I use a NASTRAN-derivate program to do kinetic/dynamic modeling of dinosaur locomotion, specifically Plateosaurus and Diplodocus these days. Models typically start out fairly simple, and are accordingly computed in very short time. You can watch the program go from step to step. But the more the models develop, the more complex they get, and usually computing time grows exponentially. That means that I spend a short time editing a model, then sit back and wait for up to ten minutes. Today, these breaks were in the one to two minute range. Saving and loading models take about a minute, too. During these time I can do other things, but they need to be no-brainers. What means that I need to be able to totally dump them from my brain when the modeling software goes BING!, and then pick them back later without any time loss. Editing photos, especially the mindless task of background removal, is a favorite, or writing short blog posts. For example, this paragr…
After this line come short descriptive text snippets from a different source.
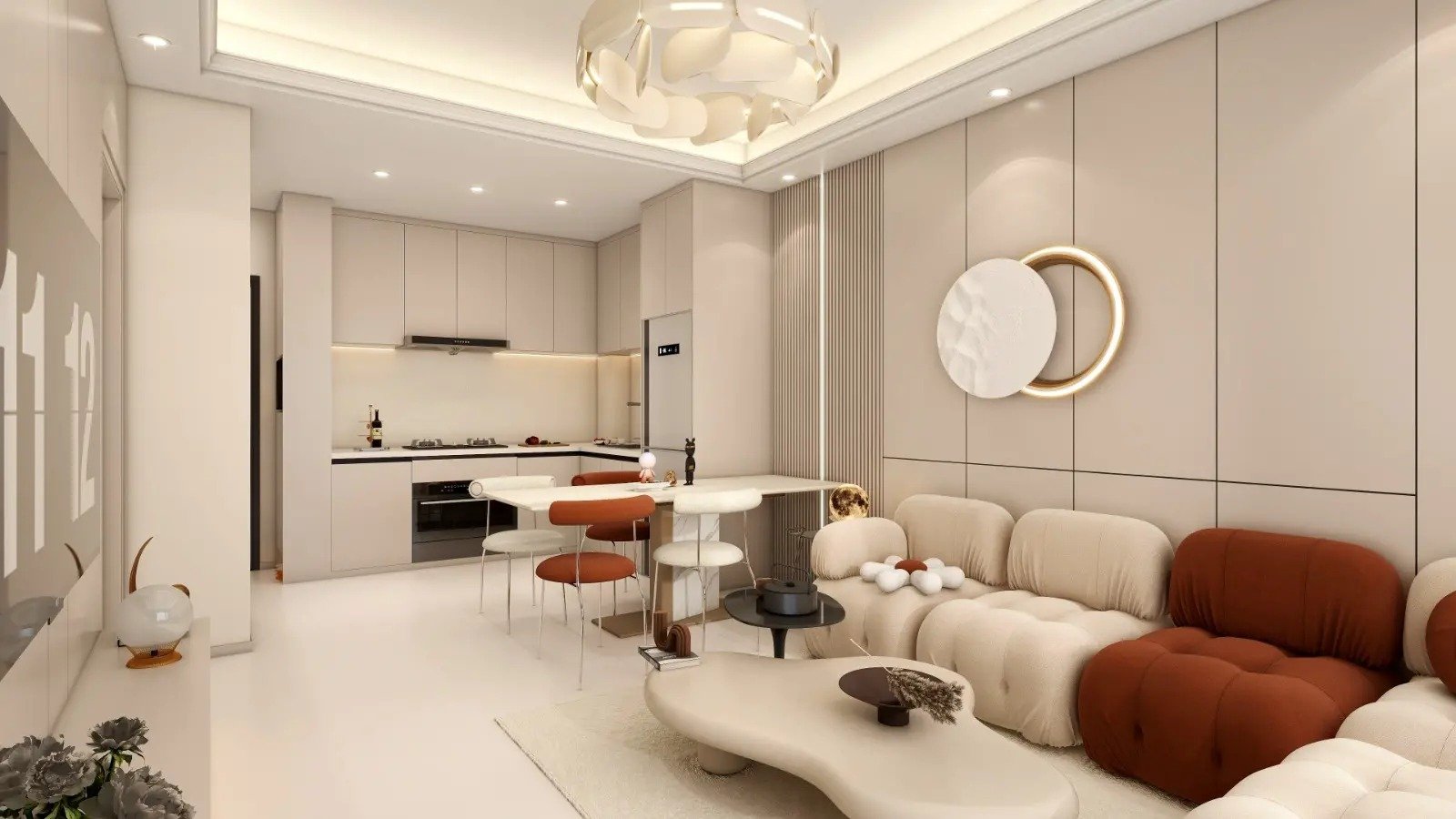 Imgi 65 IMG 20240121 WA0034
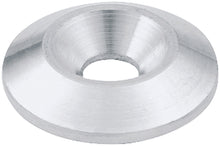 Cargar imagen en el visor de la galería, Countersunk Washer #10 10pk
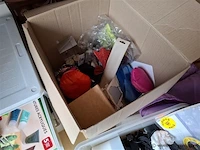 Hobbymateriaal - afbeelding 6 van  6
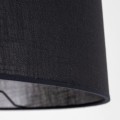 5599_WALZ_BLACK_D.jpg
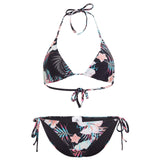 Firefly Islander Mari Womens Bikini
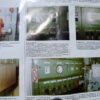 DDR / NVA instructieposter DA 11 container voor warmwater voorziening - Afbeelding 4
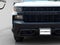 2020 Chevrolet Silverado 4.3 V6 1500 WT Cabina Regular 4x2 At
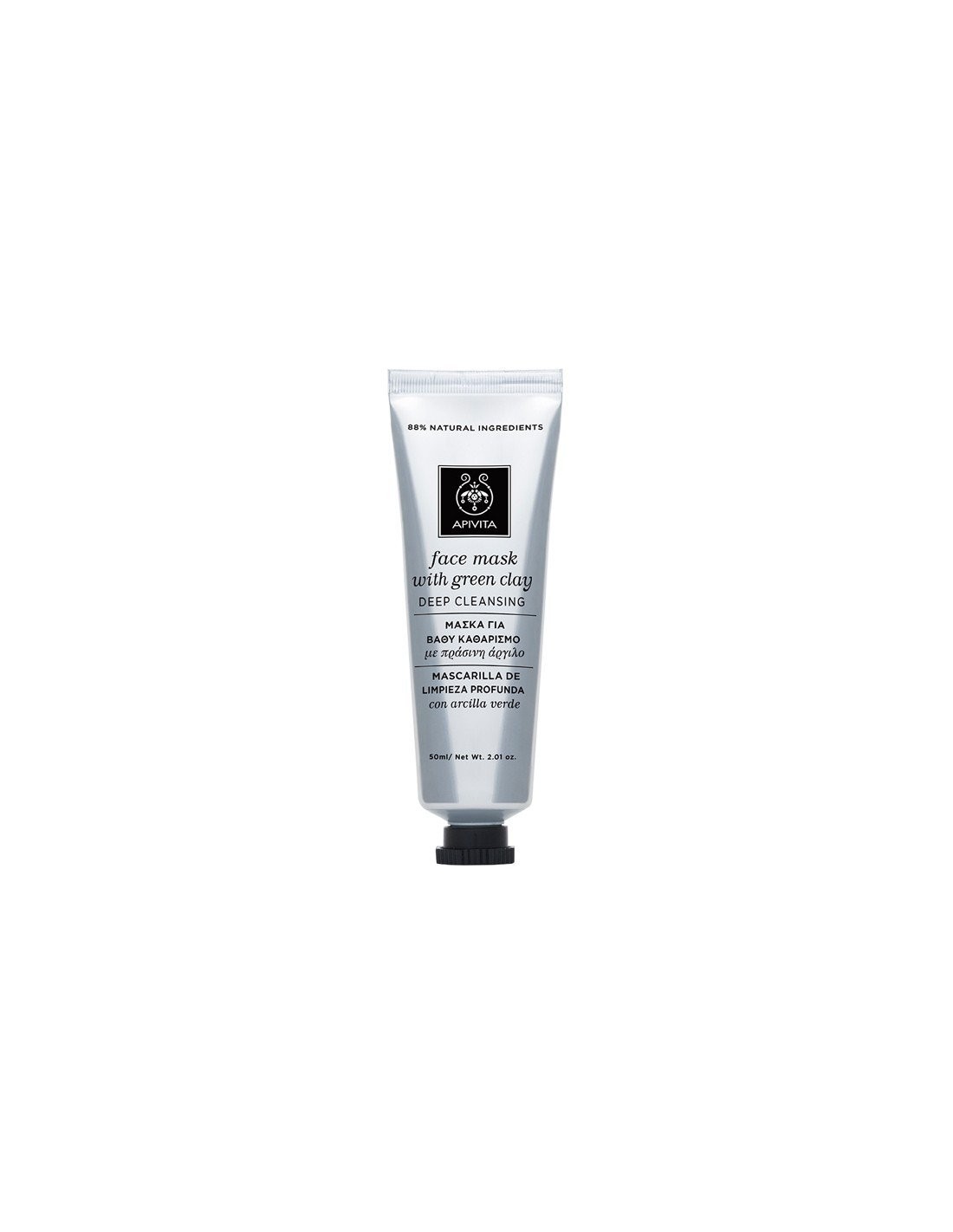 apivita-maska-gia-vathy-katharismo-me-prasini-argilo-50ml.jpg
aph was written during a short pause, then I picked it up again after adjusting friction values for a foot/ground collision that hadn’t been quite right (in fact, the dinosaur was catapulted off the ground up to two meters).

So I worked hard the last few days on a picture I took on Friday, when the museum was nearly empty. It is a simple side view of the Diplodocus mount, the only one of the sauropods where you can step a comfortable distance away and take good pictures without tilting your camera way back. Giraffatitan requires that, whereas there is too little free room next to Dicraeosaurus (evident here).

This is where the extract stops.